I really like the aesthetic appeals of the cables but there are no comments yet on performance?


----------



## nnauber

Ok, had my *Double Helix* _*Oro y Plata Balanced*_ (with Xhadow XLRs) for 3 weeks. About 200 hours of listen and burn-in time. Man, does this cable work! My HD650s are clearer, faster, deeper, wider, with more detail in all ranges and extra heft in the lower mids and bass ... but still Sennheiser tight across the spectrum.

 The 8' teflon-over-silver mylar cable has ViaBlue splitters on both ends. Light enough so I can sit "full length" away from my Apache, but won't tolerate all the twisting a Cardas or the stock cable will.

 The build quality is simply superb, impressive to the eye and to the touch ... very confidence inspiring.

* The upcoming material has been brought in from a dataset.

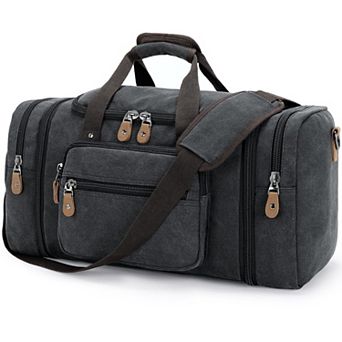 Canvas Expandable Travel Duffel Bag Multi Pocket Carry On Durable Zippers Detachable Strap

 Peter Bradstock is a wizard. Also, very helpful, fast, creative. willing to build to your exact desires. Suggest you jump for one of these now ... before his prices start keeping pace with the demand.


----------



## OutdoorXplorer

My K702 with Equinox is awaiting its new owner and HD650 is in the wish list now. I am contemplating to get another Equinox or a Double Helix and the decision is tough as both cables are greater challengers of each other. I guess that I would have to wait for a A/B comparison which will happen soon. It is unlikely that I will have the privilege to hear it myself as these cable is no where to be seen in my country. I am looking forward to a head to head comparison soon.


----------



## punk_guy182

Quote:


  Originally Posted by *nnauber* /img/forum/go_quote.gif 
_Ok, had my *Double Helix* *Oro y Plata Balanced* (with Xhadow XLRs) for 3 weeks. About 200 hours of listen and burn-in time. Man, does this cable work! My HD650s are clearer, faster, deeper, wider, with more detail in all ranges and extra heft in the lower mids and bass ... but still Sennheiser tight across the spectrum.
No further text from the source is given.